Restate every line of the data word for word, except for the images.

• [Source data]
= = = =

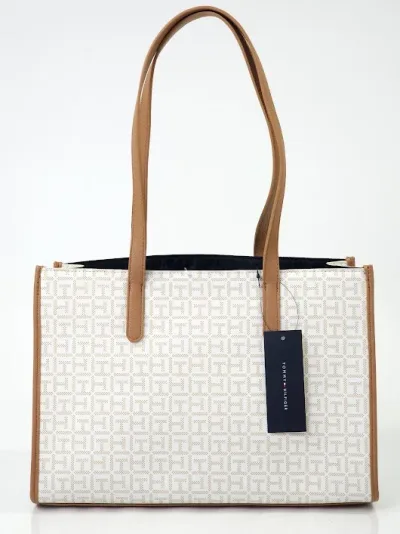 Bolso Tommy Hilfiger para dama color blanco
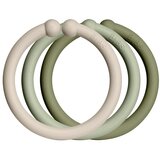 Bibs Loops kolutovi za vješanje Vanilla / Sage / Olive 12 kom | shoptok.hr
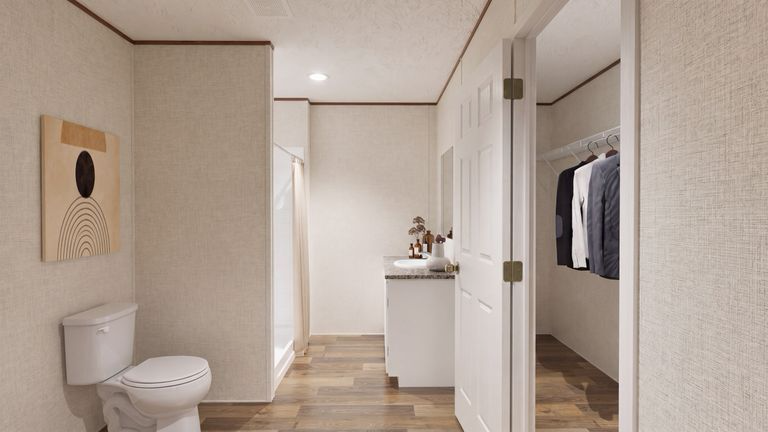 Primary bathroom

= = = =

• [Task solution]
 Bolso Tommy Hilfiger para dama color blanco
 Bibs Loops kolutovi za vješanje Vanilla / Sage / Olive 12 kom | shoptok.hr
 Primary bathroom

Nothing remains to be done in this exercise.